_EXERCISE AIM_
Would you repeat word for word the lines of the listing that follows, from the one with "Smoky night at" up to and including the one with "BMW 120i Cabrio-image-19", and leave out the images?

_DATA PROVIDED_
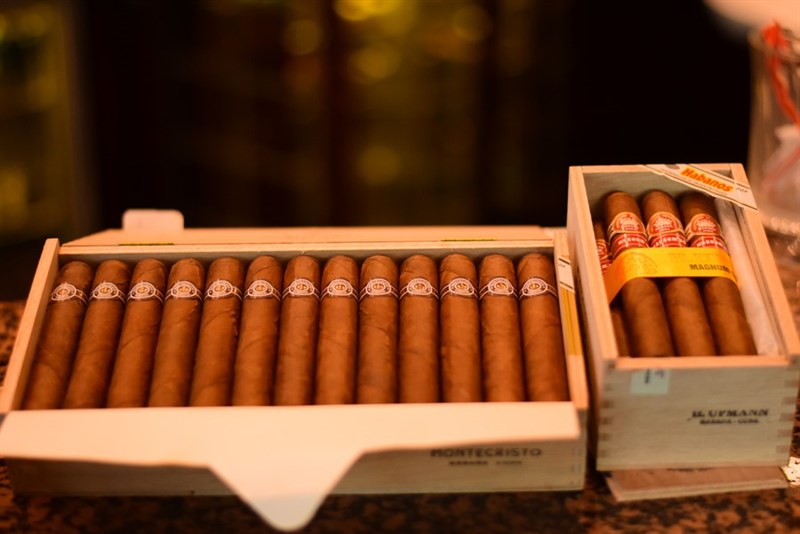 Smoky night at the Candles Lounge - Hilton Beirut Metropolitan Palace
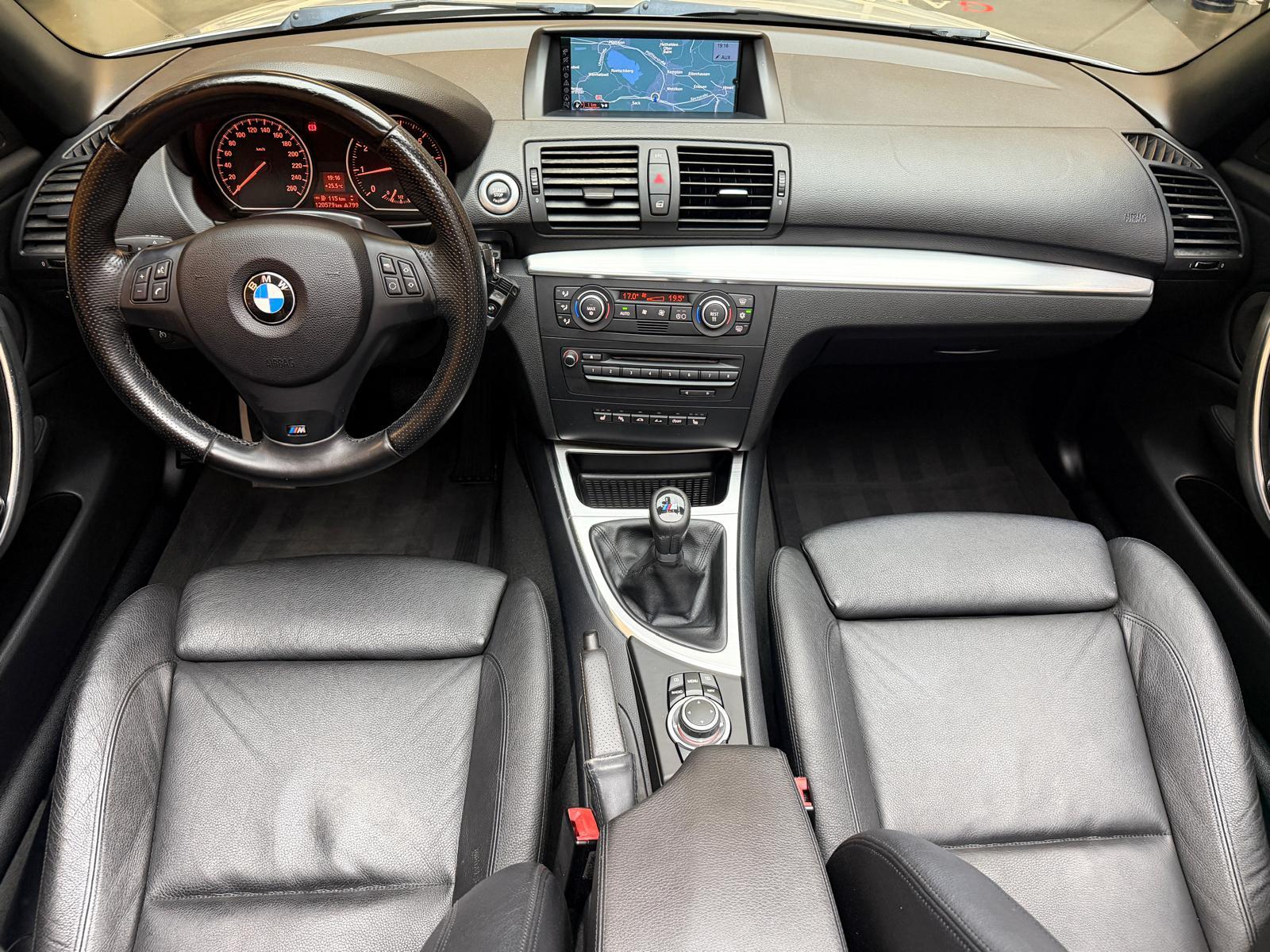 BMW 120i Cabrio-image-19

==

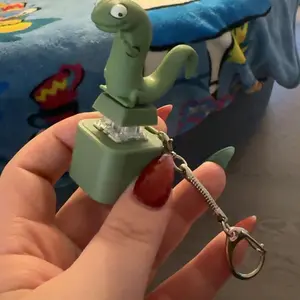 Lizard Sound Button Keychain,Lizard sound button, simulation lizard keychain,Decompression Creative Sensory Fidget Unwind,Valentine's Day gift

_RESPONSE BOX_
 Smoky night at the Candles Lounge - Hilton Beirut Metropolitan Palace
 BMW 120i Cabrio-image-19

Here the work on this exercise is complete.